Warning of "cultural desert" as music sales fall
“New licensing deals help push digital music sales to 27% of global revenues - but piracy is damaging investment in artists”
- Global digital music trade revenues reach US$4.2 billion, up 12% in 2009
- 400 services licensed worldwide by music companies with ISPs, mobile and other partners
- New figures show local music collapsing in major markets as piracy bites into releases, sales and investment in France, Spain and Brazil
- IFPI Digital Music Report highlights urgent need for legislation to curb digital piracy on ISP networks
More than a quarter of all recorded music industry revenues worldwide are now coming from digital channels, as music companies license music in partnership with ISPs and mobile operators, subscription services, streaming sites and hundreds of download stores.
However, despite the continuing growth of the digital music business - with trade revenues up 12% to an estimated US$4.2 billion in 2009 - illegal file-sharing and other forms of online piracy are eroding investment and sales of local music in major markets.
In particular, three countries known for the historic vibrancy and influence of their music and musicians - Spain, France, Brazil - are suffering acutely, with local artist album sales or the number of releases plummeting.
Governments are gradually moving towards legislation requiring ISPs to curb digital piracy.
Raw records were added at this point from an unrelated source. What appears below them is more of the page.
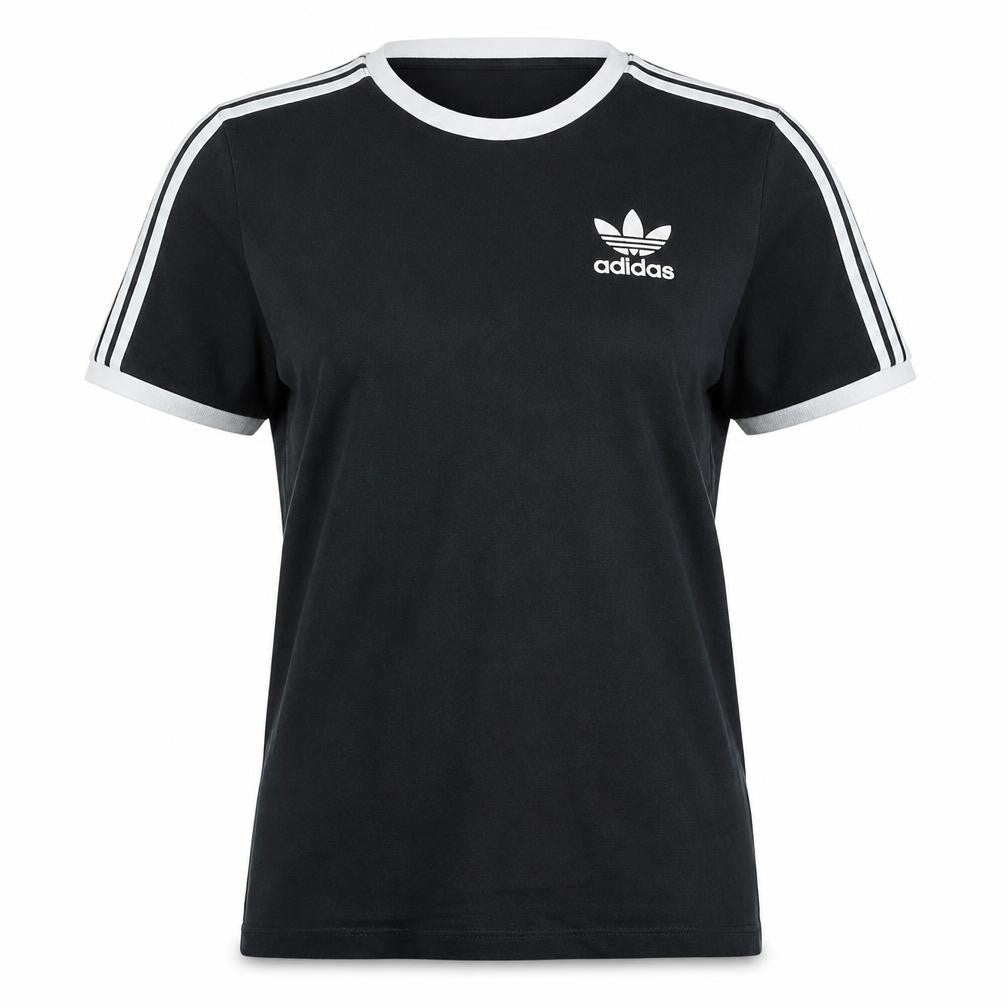 Womens UK Size 8 adidas Black Ringer T-Shirt
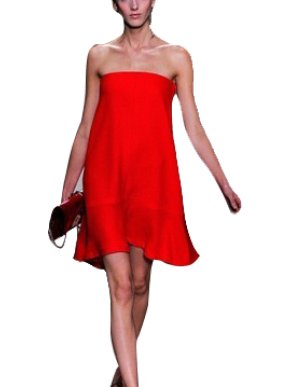 Valentino Red Strapless Silk Dress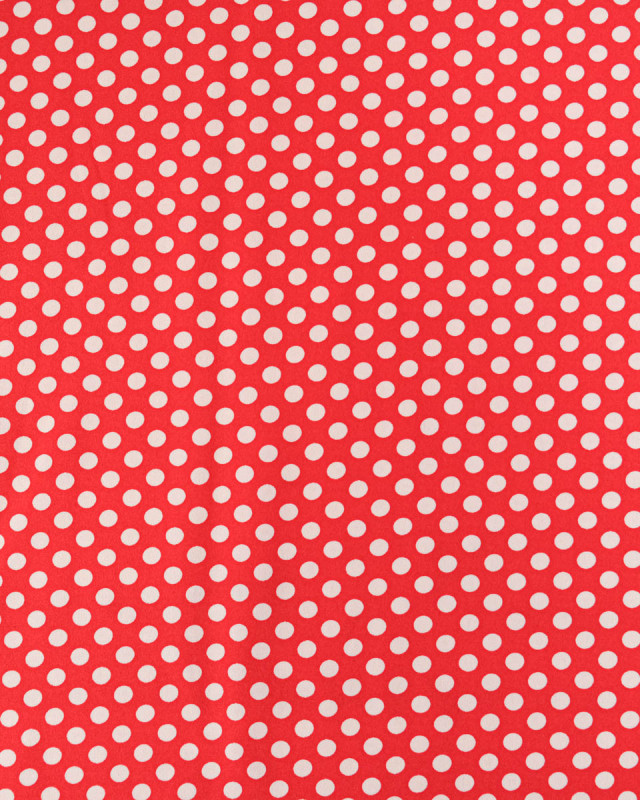 Tissu Crêpe à Pois Rouge et Blanc - Mercerine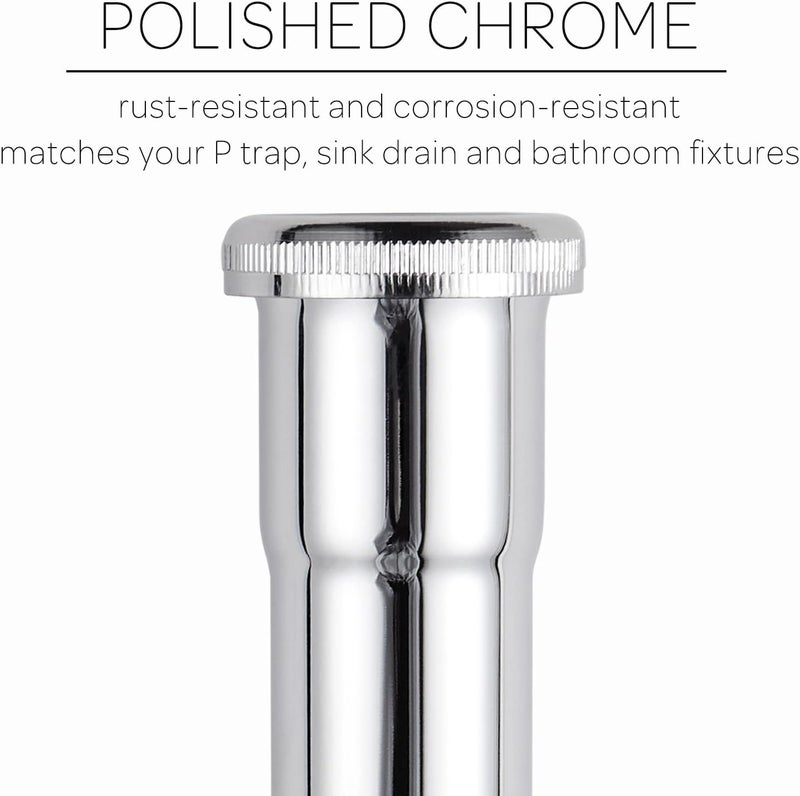 Fipoque Brass Slip Joint Extension Tube 1-1/4” OD x 12” with Nut and Rubber Washer, P Trap Extension Tube, Sink Drain Tailpiece Tube Extension, Polished Chrome - Image 3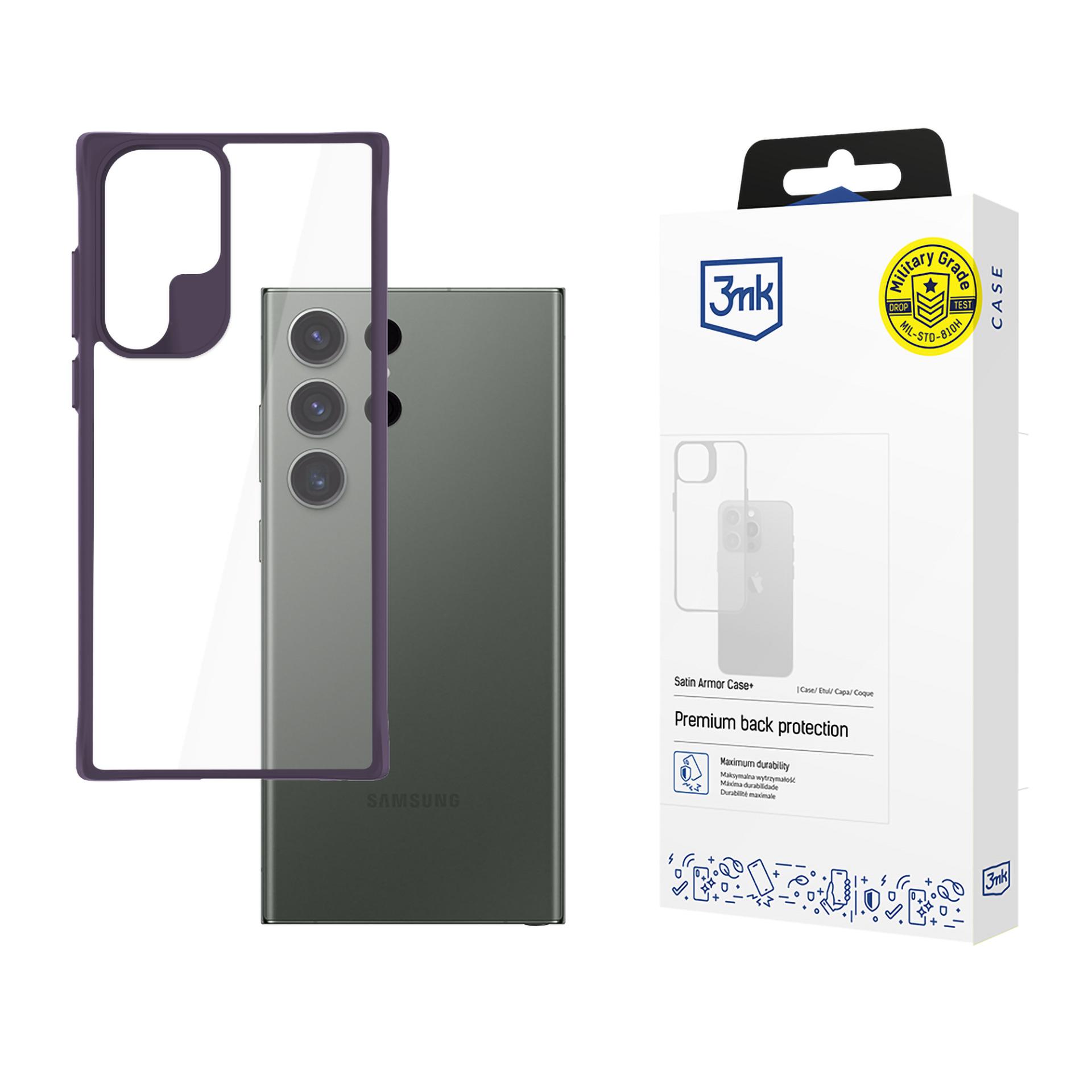 3mk Satin Armor Case+ Purple Suojakuori Samsung Galaxy S24 Ultra:lle - läpinäkyvä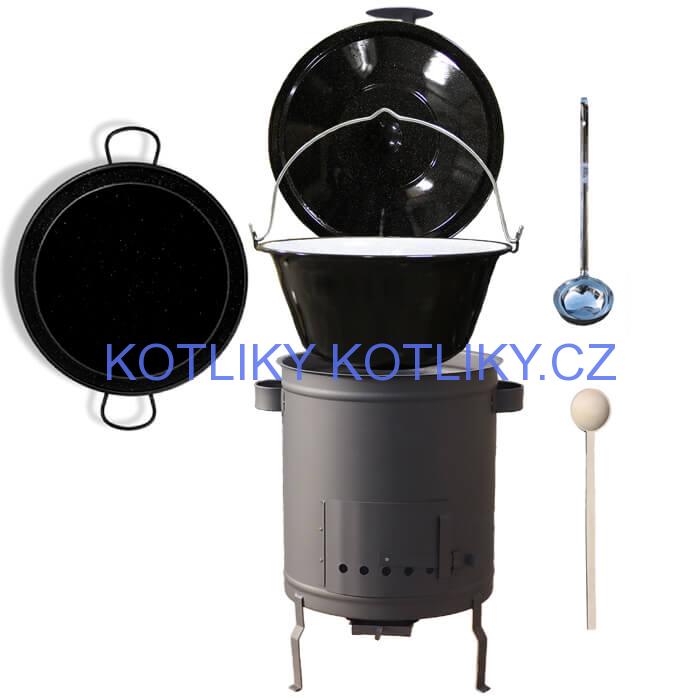 Smaltovaný kotlík 13 L (1,2 mm) + Paella pánev 38 cm + silnostěnná (1,5 mm) žáruvzdorná kotlina (1,5 mm) 36 PLUS 600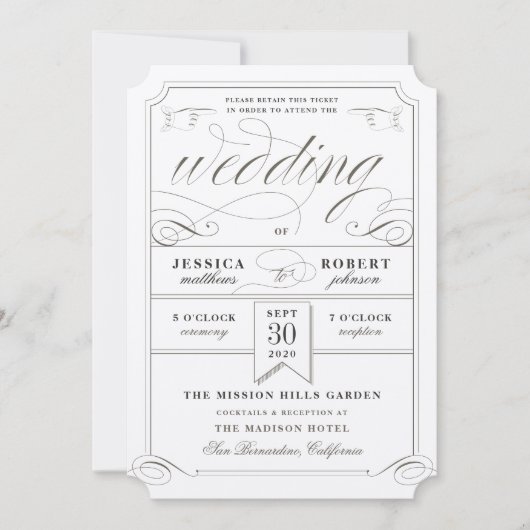 Antiek Ticket Vintage Wedding Kaart (Voorkant)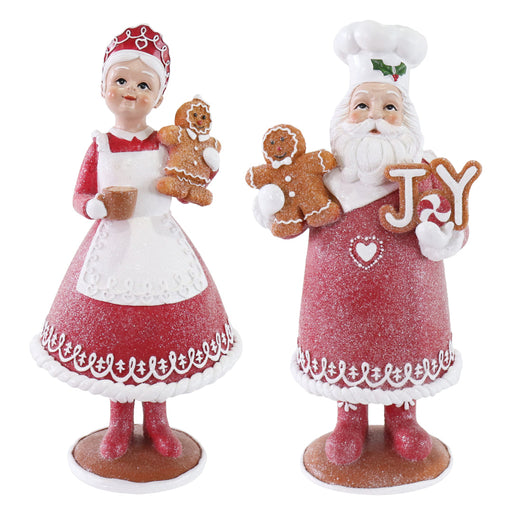 Figurine Mr & Mrs Claus Polyresin 28cm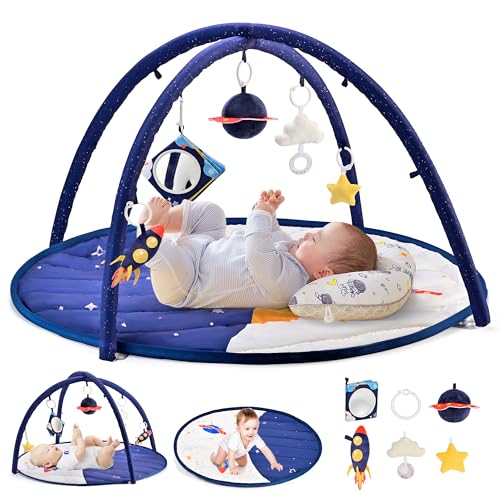Image of 2PM SPORTS Space Theme Baby Play Mat, Tummy Time Mat, Baby Play Gyms & Playmats for 0-3 0-6 0-12 3-6 6-12 Months, Activity Mat 5 Detachable Toys, Newborn Infant Baby Boy Essentials Shower Gift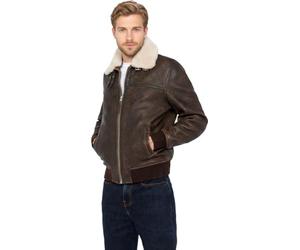 Schott NYC Homme Lcbombardier Veste En Cuir, Marron, L EU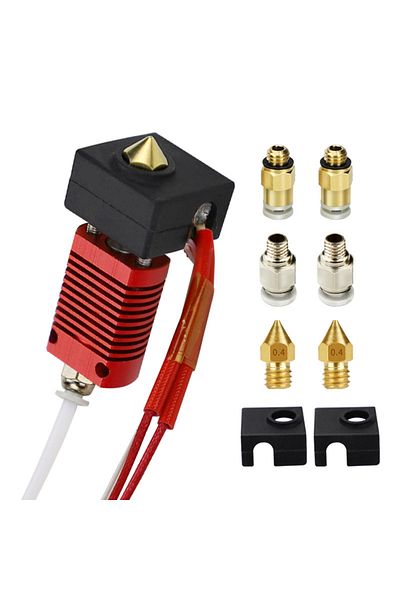 ALLOYSEED 9pcs Assembled Extruder Hot End Kit for Creality Ender 3 V2/Ender 3Pro 0.4mm MK8 Brass Nozzle Hea...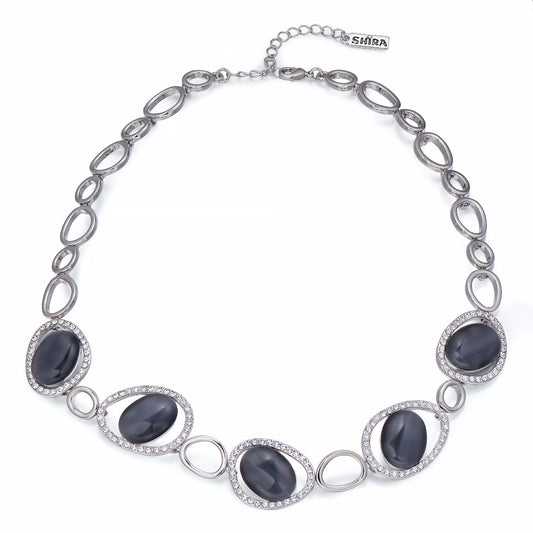 Crystals &amp; Grey Moonstones on Silver Necklace | ${Vendor}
But progress needs to be much quicker. In 2009, France, South Korea and Taiwan adopted new laws to address the crisis. Other governments, including the UK and New Zealand, have proposed new laws for adoption in 2010.
These are key highlights of the IFPI Digital Music Report, published today. The Report provides an overview of the music industry's changing business models, outlines the impact of digital piracy internationally, and reviews the efforts of governments to address it.